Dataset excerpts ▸
=== Begin Enclosure ===

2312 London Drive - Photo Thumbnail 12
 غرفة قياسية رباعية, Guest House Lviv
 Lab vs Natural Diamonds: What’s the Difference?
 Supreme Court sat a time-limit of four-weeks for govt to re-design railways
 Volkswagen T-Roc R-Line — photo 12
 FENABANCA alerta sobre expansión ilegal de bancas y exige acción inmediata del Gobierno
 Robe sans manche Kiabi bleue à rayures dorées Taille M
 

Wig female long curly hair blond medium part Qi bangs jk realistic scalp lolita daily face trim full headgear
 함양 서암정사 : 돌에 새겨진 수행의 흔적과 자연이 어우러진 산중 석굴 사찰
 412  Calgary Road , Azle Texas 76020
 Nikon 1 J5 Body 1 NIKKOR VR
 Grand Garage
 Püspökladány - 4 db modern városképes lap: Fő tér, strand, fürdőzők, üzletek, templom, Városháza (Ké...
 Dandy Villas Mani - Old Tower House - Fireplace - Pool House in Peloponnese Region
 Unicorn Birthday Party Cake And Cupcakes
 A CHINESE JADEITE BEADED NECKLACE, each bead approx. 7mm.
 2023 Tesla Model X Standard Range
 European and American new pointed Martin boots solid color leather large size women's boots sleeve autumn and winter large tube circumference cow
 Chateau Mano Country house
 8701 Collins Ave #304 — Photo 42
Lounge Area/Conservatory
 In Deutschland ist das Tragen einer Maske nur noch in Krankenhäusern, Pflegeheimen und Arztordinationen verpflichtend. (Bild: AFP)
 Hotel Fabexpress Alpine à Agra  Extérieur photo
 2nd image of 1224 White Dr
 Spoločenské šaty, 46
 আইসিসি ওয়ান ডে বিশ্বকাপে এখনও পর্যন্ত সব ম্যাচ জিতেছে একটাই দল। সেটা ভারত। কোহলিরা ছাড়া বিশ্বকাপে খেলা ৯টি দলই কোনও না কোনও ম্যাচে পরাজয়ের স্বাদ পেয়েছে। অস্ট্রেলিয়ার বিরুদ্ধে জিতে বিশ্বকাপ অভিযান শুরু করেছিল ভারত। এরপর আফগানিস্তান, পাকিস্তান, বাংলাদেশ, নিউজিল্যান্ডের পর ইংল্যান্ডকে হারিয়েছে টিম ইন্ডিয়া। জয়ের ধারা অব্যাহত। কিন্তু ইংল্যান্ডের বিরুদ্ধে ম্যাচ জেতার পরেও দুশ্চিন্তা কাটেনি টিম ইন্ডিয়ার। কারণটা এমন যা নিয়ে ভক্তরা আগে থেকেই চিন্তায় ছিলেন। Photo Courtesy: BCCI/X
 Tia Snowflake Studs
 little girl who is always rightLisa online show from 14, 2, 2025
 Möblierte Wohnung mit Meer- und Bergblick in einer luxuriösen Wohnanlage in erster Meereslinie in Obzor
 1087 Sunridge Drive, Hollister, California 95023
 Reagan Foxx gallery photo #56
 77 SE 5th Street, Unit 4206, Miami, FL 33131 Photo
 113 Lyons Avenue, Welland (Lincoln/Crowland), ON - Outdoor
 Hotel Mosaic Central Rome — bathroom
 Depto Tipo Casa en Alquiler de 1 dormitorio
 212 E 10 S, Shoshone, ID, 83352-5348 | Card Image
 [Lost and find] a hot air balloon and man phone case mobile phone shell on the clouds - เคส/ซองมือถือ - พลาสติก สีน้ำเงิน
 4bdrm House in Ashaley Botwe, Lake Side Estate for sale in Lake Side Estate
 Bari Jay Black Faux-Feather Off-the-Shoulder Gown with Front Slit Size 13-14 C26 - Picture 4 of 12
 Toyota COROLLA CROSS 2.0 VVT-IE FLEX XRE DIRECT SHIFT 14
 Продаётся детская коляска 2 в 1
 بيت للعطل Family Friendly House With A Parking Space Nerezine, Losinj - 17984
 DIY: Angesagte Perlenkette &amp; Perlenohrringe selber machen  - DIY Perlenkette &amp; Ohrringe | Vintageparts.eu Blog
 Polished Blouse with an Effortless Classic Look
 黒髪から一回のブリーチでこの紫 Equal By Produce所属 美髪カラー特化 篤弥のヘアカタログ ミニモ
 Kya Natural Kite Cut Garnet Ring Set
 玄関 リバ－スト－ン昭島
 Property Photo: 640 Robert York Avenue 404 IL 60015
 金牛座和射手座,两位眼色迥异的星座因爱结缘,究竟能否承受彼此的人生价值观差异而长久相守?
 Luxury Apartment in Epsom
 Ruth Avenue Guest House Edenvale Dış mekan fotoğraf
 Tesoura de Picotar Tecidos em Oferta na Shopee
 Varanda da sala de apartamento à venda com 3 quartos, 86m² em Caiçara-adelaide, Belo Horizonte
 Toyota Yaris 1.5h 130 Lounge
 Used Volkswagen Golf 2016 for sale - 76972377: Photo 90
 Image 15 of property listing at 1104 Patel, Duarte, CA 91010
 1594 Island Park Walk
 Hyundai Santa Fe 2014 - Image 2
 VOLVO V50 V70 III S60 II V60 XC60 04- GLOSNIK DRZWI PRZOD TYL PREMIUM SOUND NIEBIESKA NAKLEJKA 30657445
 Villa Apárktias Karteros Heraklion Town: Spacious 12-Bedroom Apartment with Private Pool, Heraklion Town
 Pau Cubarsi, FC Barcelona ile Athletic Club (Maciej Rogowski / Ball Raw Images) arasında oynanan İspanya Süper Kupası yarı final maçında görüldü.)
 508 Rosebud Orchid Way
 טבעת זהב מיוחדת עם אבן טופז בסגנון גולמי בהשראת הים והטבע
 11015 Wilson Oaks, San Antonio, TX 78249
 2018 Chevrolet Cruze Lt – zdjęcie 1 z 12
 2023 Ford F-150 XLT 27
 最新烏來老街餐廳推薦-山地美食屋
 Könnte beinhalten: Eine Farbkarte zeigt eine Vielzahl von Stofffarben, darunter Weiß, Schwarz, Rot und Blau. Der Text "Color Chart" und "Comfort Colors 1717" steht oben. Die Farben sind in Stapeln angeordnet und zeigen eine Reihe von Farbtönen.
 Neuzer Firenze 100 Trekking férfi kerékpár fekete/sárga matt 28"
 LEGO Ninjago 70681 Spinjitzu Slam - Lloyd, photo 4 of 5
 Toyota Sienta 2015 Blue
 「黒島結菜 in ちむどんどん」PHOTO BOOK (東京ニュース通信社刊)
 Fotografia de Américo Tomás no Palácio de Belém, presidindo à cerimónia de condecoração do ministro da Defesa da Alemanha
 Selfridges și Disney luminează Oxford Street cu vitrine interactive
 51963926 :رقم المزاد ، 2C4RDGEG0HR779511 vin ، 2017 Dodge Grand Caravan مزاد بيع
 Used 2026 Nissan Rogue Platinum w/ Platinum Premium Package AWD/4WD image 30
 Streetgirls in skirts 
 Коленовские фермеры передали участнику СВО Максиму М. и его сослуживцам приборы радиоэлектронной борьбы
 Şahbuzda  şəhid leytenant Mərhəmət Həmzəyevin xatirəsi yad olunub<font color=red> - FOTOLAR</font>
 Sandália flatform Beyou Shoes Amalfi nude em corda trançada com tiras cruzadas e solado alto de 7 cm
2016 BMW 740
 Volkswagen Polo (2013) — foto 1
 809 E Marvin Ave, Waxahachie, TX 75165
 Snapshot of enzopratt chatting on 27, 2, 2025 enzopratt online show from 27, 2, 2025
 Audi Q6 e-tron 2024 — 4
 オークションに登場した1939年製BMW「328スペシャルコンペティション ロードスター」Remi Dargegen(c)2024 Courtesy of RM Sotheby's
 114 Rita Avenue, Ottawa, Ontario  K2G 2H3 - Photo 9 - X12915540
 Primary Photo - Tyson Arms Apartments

=== End Enclosure ===

TASK STATEMENT ▸ Taking the entries above, write out exactly each line from the one holding "Wig female long" to the one holding "A CHINESE JADEITE", both included, and stop there.

YOUR SOLUTION ▸
Wig female long curly hair blond medium part Qi bangs jk realistic scalp lolita daily face trim full headgear
 함양 서암정사 : 돌에 새겨진 수행의 흔적과 자연이 어우러진 산중 석굴 사찰
 412  Calgary Road , Azle Texas 76020
 Nikon 1 J5 Body 1 NIKKOR VR
 Grand Garage
 Püspökladány - 4 db modern városképes lap: Fő tér, strand, fürdőzők, üzletek, templom, Városháza (Ké...
 Dandy Villas Mani - Old Tower House - Fireplace - Pool House in Peloponnese Region
 Unicorn Birthday Party Cake And Cupcakes
 A CHINESE JADEITE BEADED NECKLACE, each bead approx. 7mm.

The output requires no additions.